His illustrations appeared in advertisements, on calendars and most notably on magazine covers.
Rockwell died in 1978. Many Americans collect his art, including two of Hollywood's leading filmmakers. A new exhibit at the Smithsonian American Art Museum showcases works from their collections.
The man in the soft felt hat, kneeling by the reclining woman and supporting her with an arm wrapped around her shoulders bears a striking resemblance to a certain fictional archaeologist.
Perhaps the creator of Indiana Jones was inspired by what he saw in the painting. Peach Crop belongs to producer and director George Lucas. It is one of more than 30 works from his collection in the exhibition "Telling Stories." Other works on display belong to director Steven Spielberg.
"Both Lucas and Spielberg see Rockwell ultimately not just as an illustrator, not just as a maker of pictures, but a teller of visual stories," says Virginia Mecklenburg, curator of the exhibition.
She says Lucas told her that he felt comfortable from his earliest days in the movie business, because "he already knew how to tell a story visually from having looked at Norman Rockwell's covers."
Rockwell did covers for the Saturday Evening Post for nearly 50 years.
Some of his pictures illustrated stories inside magazines. But even those that didn't do seem to tell a story: a family laden with packages arrives for Christmas at grandma and grandpa's; a little girl in the beauty shop gets her first haircut; a girl balances on one leg, holding her foot and glowering at a blushing boy, while another young couple dance in the background.
"One of the things that George Lucas loves about Rockwell is what Rockwell tells us about our culture, about our society, and about who we are as people," Mecklenburg says.
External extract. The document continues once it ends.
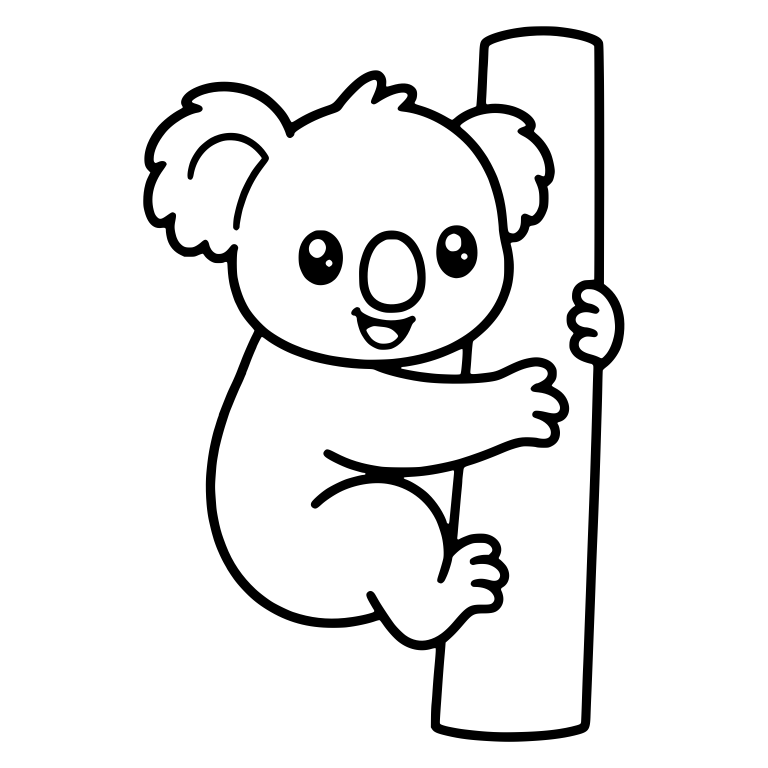Koala Hugging a Smooth Tree Trunk with Open Smile — free animal SVG cut file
She adds that many of the things he sees in Rockwell's pictures remind him of his own childhood in Modesto, California.
"He said that he grew up in the Norman Rockwell world. Everything you see in Norman Rockwell pictures, he grew up doing and it was part of his life."
Rockwell's moral core
Steven Spielberg owns several pictures of Boy Scouts, in part, because he made his first film as a Boy Scout project. But the curator says, he is also interested in what she calls "the moral core" that can be seen in many of Rockwell's images. "He also really admires the pictures of the American military.
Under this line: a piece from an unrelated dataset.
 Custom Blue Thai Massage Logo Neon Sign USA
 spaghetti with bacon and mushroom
Spielberg has also collected pictures that remind him of himself, most notably, one titled "And Daniel Boone Comes to Life on the Underwood Portable." It shows a man at a typewriter and above his head, taking up more than half of the canvas and appearing in a purple cloud, is frontiersman Daniel Boone, wearing his coonskin cap and carrying his long rifle.
"When he is starting to write a movie, [Spielberg] says he just sits there at the typewriter waiting for a thought bubble to emerge over his head that will finally get his fingers dancing across the keys," Meckelenburg says. "I think it is also a wonderful demonstration of Rockwell's early fascination with the way movies look. The whole idea looks like a movie screen. It looks like a film playing out over the writer's head."
Rockwell in Hollywood
Rockwell spent some time in Hollywood in the 1930s. He painted would-be starlets and movie stars like Gary Cooper.
When it came to creating his illustrations, Mecklenburg says, Rockwell approached the job much like a filmmaker.
"When he selected his models, he had them audition to make sure they could do the facial expressions he wanted, that they could act out the body language he wanted for a particular picture," she says. He also selected props and costumes, staged the scene lit it and photographed it. He used the photographs later to create his illustrations
Rockwell's attention to detail created images that still tell stories, decades after they were created, much like the films of two of his biggest fans. The largest collection of Rockwell images is at the Norman Rockwell Museum in Stockbridge, MA.